Najtańsze źródło energii, a więc lądowa energetyka wiatrowa, nadal nie może w pełni się rozwijać w Polsce ze względu na ustawę odległościową, która blokuje budowę wiatraków na lądzie praktycznie na 99 proc. terenu kraju…

Nie zgodzę się z taką opinią. W naszym portfelu jest nadal wiele projektów farm wiatrowych na lądzie, które mają ważną decyzję lokalizacyjną wydaną przed wejściem ustawy. Te projekty będziemy rozwijać, budując nowe megawaty, zgodnie z przyjętą strategią.

Mówi pan o OZE, ale świat teraz szuka energii w dyspozycyjnych źródłach opartych na paliwach stałych…

Poza OZE inwestujemy także w elektrownie gazowe. Wybraliśmy wykonawcę inwestycji bloków gazowych w Grudziądzu i Ostrołęce. Bloki gazowe, dające wsparcie dla zależnych od pogody OZE, są idealnym uzupełnieniem naszej oferty energetycznej. Wkrótce podejmiemy także decyzje o budowie bloku gazowo-parowego w Gdańsku.

Zbliża się także czas decyzji w morskiej energetyce wiatrowej, najbardziej produktywnej technologii OZE, której sprawność zrównuje się nawet z technologiami elektrowni konwencjonalnych.
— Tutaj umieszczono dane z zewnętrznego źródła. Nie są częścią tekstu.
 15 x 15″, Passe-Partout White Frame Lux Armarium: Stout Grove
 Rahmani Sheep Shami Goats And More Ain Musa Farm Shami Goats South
Tu pojawia się jednak duży znak zapytania o terminal instalacyjny, serce budowy morskich farm wiatrowych. Jest on niezbędny do budowy samych farm wiatrowych. Okazuje się, że to jednak Orlen będzie budował port instalacyjny…

Ma to dla nas kluczowe znaczenie. Po miesiącach oczekiwań, rozmów, ocen i analiz podjęliśmy decyzję, aby rozpocząć współpracę i zawrzeć umowę z Zarządem Portów Szczecin i Świnoujście. Port instalacyjny powstanie w Świnoujściu.

Czytaj więcej

Serce morskiego wiatraka powstanie w Polsce. Duńczycy wybudują nową fabrykę

Za wyborem tego portu przemawiała geografia, odległość do naszego projektu Baltic Power, potencjalnych nowych koncesji oraz czas. Nie możemy dłużej czekać, bo od 2025 r. musimy już dysponować portem instalacyjnym. Podpisana przez nas umowa zakłada dzierżawę terenu przez 30 lat.

O jakim czekaniu pan mówi?

Na decyzję innych instytucji i firm w tej sprawie. Orlen jest na najbardziej zaawansowanym etapie budowy morskiej farmy wiatrowej spośród wszystkich firm w Polsce. Jako pierwsi zaczniemy produkcję energii, mimo że wcale jako pierwsi nie rozpoczynaliśmy procesu inwestycyjnego. Dogoniliśmy i prześcignęliśmy pozostałych i dziś jesteśmy liderem tego wyścigu. Potwierdzają to umowy rezerwacyjne, które zawarliśmy na wszystkie niezbędne komponenty do budowy farmy wiatrowej na Bałtyku.

Kiedy rozpocznie się więc budowa terminalu instalacyjnego?

Chcemy uruchomić procedury przetargowe na budowę niezbędnej infrastruktury najszybciej, jak to możliwe. Dzięki umowie z portem w Świnoujściu będziemy gospodarzem terenu o obszarze 20 ha. Nie tracimy czasu, bo zależy nam, by do końca 2024 r. obiekt był już gotowy do operacyjnej pracy.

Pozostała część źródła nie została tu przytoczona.